Se calhar vou ser insultado mas eu meti os cornos uma vez (há ano e meio, mais ou menos). Com uma chavala que depois até falei no Frio sobre o assunto e que eu queria ter uma relação com ela, se calhar alguns lembram-se. Ela sabia que eu tinha namorada mas eu também lhe disse que queria acabar com ela e que não via futuro e tal. Um cabr*o no geral foi como agi.

Nessa vez, fez-me logo entender que a coisa já andava para o torto há uns tempos e que tinha que acabar e pronto. Acabei com ela dois ou três dias depois. Depois de refletir, creio que era uma situação em que claramente só não queria estar solteiro e então ia adiando, mas do meu lado o luto da relação já estava feito e na minha cabeça as coisas já tinham acabado e não havia amor. Sendo indisculpavel, creio que provavelmente é o que lhe aconteceu.

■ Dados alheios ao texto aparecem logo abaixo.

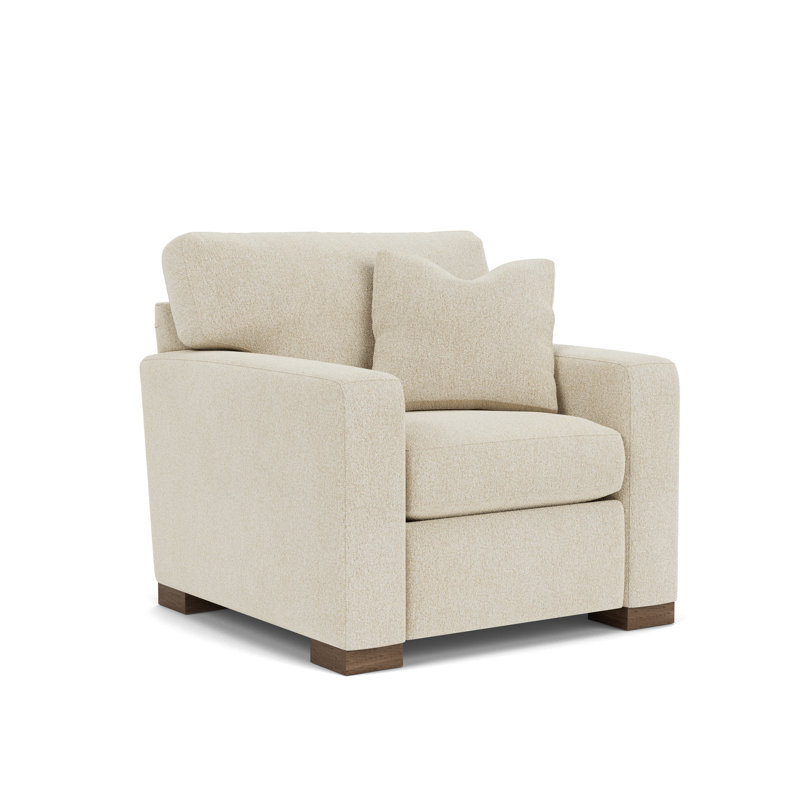 Fauteuil l 37 po, 100 % polyester beige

E tou de acordo com quem diz aí em cima para nunca deixar de fazer coisas com amigos. Eu fui deixando os meus amigos aos pouco nesta relação e quando acabou, ela espalhou tanta coisa sobre mim aos nossos amigos mutuos (algumas com razão, outras não) que eu acabei sozinho e a ter que refazer amigos com outras pessoas ou a retornar amizades. Malta que vinha ter comigo para desabafar, que fazia planos só comigo, gente que eu realmente pensava que era meus amigos, deixou de me falar de um momento para o outro.

Conclusão da experiência: 0/10, repetia a parte de acabar mas não como o fiz.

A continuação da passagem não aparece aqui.